Sustainable packaging guide: kraft, paper tape & recyclability

Sustainable packaging means choosing materials that are renewable, recyclable and no bigger than they need to be. This guide from Foldwell explains what that looks like in practice — why kraft works, how it's recycled, and how to swap the plastic out of a small brand's packaging kit. Last updated: .

What makes packaging sustainable?

Packaging is sustainable when it's made from renewable material, can be recycled or composted after use, and is sized to avoid waste. In practice that means favouring paper and board over plastic, avoiding mixed materials that can't be separated, and right-sizing the pack so you're not shipping air or padding a small item in a huge box. Kraft paper and board tick the first two boxes — they're made from a renewable fibre and are widely recycled — which is why they anchor most low-waste packaging kits.

Expandable kraft honeycomb packaging paper used as a plastic-free protective wrap
Expandable kraft honeycomb paper cushions fragile items without plastic.

In short: sustainable packaging is renewable, recyclable and right-sized — which is why kraft paper and board are the usual starting point.

Is kraft paper recyclable?

Yes — kraft paper and board are among the most widely recycled packaging materials. Kraft is made from wood fibre and can be recycled multiple times in standard kerbside paper and cardboard collections across the UK. To keep it recyclable, keep the kraft free of heavy plastic coatings and remove any non-paper components, like a plastic tape strip, before you put it in the recycling.

In short: kraft paper and board are widely recyclable kerbside — just keep them free of plastic coatings and tape.

How do I replace the plastic in my packaging?

Replace plastic by swapping each plastic component for a paper-based equivalent, one at a time. Use kraft paper tape instead of plastic packing tape so the sealed box recycles in one piece; use expandable honeycomb kraft paper instead of bubble wrap to cushion bottles and jars; and choose kraft pouches and board boxes instead of plastic bags and foil-lined packs. Each swap removes a material your customer would otherwise have to separate or bin.
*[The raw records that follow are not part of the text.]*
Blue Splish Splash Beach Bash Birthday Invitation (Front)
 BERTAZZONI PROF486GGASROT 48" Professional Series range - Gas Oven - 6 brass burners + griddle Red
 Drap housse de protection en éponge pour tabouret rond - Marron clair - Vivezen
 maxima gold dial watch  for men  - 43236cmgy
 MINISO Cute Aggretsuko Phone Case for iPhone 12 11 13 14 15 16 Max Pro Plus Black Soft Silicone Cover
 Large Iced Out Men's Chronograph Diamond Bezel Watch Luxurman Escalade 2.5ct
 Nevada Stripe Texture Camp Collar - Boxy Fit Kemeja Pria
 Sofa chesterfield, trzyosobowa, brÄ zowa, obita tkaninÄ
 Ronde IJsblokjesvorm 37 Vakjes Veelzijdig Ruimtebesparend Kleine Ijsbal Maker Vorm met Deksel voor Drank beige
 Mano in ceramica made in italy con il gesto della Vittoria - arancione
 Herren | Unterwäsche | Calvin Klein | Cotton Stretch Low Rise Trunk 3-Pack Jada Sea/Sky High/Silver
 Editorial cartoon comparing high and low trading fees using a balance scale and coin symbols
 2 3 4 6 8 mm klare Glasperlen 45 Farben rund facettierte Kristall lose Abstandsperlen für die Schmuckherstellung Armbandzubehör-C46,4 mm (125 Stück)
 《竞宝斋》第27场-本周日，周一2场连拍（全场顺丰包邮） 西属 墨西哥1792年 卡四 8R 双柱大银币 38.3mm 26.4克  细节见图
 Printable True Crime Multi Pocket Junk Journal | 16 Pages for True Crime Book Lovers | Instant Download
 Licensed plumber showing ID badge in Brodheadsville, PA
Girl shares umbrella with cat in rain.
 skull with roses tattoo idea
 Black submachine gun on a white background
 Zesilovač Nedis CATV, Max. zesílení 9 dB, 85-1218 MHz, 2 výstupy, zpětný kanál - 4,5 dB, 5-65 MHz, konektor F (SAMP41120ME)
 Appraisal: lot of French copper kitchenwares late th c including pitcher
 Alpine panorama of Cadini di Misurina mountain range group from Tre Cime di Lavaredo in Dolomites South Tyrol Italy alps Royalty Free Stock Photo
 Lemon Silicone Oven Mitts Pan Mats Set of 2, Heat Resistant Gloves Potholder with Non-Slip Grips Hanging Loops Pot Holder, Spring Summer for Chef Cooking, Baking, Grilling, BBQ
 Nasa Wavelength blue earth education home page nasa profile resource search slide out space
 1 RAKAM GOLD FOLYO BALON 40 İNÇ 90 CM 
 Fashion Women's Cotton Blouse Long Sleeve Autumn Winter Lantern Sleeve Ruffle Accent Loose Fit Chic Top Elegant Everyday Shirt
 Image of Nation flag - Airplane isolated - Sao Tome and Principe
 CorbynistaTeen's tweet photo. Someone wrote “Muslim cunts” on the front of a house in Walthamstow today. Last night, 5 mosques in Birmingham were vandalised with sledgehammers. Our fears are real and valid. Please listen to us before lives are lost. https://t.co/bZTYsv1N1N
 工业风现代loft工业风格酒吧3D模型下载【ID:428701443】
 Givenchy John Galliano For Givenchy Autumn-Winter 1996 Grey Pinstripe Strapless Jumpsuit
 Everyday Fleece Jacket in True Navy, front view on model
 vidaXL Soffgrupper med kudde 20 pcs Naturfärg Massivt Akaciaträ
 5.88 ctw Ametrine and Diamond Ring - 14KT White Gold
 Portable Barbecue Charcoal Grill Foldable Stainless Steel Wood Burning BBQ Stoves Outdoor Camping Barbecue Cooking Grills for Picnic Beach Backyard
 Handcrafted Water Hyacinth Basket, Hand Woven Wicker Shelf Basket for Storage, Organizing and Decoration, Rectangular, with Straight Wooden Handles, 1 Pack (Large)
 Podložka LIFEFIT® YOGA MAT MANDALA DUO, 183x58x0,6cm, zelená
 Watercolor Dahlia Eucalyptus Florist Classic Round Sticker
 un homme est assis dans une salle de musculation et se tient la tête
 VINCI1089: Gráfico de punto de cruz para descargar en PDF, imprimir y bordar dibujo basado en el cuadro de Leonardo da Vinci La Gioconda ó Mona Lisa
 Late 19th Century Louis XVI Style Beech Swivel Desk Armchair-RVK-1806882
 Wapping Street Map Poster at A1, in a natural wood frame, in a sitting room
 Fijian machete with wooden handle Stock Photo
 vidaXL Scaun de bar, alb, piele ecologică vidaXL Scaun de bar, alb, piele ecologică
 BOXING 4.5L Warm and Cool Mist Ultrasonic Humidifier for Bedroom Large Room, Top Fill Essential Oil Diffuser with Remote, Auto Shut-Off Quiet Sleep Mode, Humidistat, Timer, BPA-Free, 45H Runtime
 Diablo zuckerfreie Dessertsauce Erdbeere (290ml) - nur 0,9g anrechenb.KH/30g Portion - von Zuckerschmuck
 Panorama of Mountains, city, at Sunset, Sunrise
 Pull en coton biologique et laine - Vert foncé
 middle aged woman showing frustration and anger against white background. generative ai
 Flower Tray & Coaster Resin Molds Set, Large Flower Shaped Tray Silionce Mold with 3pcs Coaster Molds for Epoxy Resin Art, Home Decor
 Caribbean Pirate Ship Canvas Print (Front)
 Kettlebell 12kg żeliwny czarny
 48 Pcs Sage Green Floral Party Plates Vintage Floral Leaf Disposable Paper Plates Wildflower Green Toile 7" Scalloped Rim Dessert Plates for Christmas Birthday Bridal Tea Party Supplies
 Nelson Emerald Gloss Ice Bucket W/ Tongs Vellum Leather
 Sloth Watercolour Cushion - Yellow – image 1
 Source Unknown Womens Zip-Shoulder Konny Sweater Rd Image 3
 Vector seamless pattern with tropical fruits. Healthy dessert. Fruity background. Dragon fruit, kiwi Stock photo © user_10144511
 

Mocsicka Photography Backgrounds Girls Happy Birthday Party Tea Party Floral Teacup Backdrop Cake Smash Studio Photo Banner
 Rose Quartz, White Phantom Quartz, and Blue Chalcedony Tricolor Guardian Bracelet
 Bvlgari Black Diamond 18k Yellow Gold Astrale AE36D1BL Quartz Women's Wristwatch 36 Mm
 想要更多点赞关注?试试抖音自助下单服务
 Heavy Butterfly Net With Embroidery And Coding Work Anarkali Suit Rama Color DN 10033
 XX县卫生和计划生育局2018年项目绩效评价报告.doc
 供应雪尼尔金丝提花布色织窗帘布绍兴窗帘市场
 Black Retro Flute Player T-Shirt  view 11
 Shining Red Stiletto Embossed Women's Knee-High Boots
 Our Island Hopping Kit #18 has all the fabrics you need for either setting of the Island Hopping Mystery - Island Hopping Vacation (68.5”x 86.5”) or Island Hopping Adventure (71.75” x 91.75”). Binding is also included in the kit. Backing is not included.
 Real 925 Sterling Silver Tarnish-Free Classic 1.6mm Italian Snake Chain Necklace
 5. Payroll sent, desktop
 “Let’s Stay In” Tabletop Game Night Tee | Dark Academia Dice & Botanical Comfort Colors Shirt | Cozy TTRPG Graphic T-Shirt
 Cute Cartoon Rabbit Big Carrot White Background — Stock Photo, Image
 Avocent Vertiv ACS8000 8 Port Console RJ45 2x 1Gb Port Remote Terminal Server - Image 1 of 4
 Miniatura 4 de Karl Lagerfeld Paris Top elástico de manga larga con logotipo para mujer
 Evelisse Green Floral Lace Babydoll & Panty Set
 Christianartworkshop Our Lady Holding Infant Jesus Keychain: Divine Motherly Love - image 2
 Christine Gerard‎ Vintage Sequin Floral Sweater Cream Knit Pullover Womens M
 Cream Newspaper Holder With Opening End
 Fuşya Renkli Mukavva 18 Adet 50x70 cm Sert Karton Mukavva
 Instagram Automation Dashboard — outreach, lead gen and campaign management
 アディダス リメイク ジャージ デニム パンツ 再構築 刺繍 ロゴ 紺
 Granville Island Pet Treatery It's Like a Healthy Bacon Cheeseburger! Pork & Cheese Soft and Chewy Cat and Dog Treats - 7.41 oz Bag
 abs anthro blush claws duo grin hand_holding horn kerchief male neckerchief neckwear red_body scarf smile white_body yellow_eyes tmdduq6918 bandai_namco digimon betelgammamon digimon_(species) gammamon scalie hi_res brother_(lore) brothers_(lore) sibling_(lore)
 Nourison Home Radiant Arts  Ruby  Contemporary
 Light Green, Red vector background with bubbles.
In short: swap plastic tape for paper tape, bubble wrap for honeycomb kraft, and plastic bags for kraft pouches and board boxes.

What does a low-waste packaging kit look like?

A low-waste kit pairs a right-sized kraft container with paper-based protection and a paper seal. For a food brand that's a kraft pouch sized to the fill weight; for a drinks or gift brand it's a board carrier box, honeycomb wrap around the bottle, a wine gift bag for presentation, and kraft paper tape to seal the outer. Everything in that list goes in the same recycling stream, which is what makes it genuinely low-waste rather than just low-waste-looking.

In short: a right-sized kraft container + paper protection + paper tape — all recyclable together — is the core of a low-waste kit.

Frequently asked questions

Is paper tape better than plastic packing tape?
Yes, for recyclability. Kraft paper tape can be recycled together with the cardboard box it seals, so the whole parcel goes in one recycling stream. Plastic packing tape has to be peeled off first because it contaminates cardboard recycling, which is why paper tape is the lower-waste choice for sealing boxes.
What can I use instead of bubble wrap?
Expandable kraft honeycomb paper is a widely used plastic-free alternative to bubble wrap. It stretches into a cushioning honeycomb that wraps bottles, jars and fragile items, then recycles with paper rather than going to landfill like plastic bubble wrap.
Does sustainable packaging cost more?
Not necessarily. Kraft pouches, paper tape and board boxes are competitively priced, and buying by the pack with no large minimum keeps costs predictable for small brands. The bigger saving is reputational: customers increasingly choose brands whose packaging they can recycle.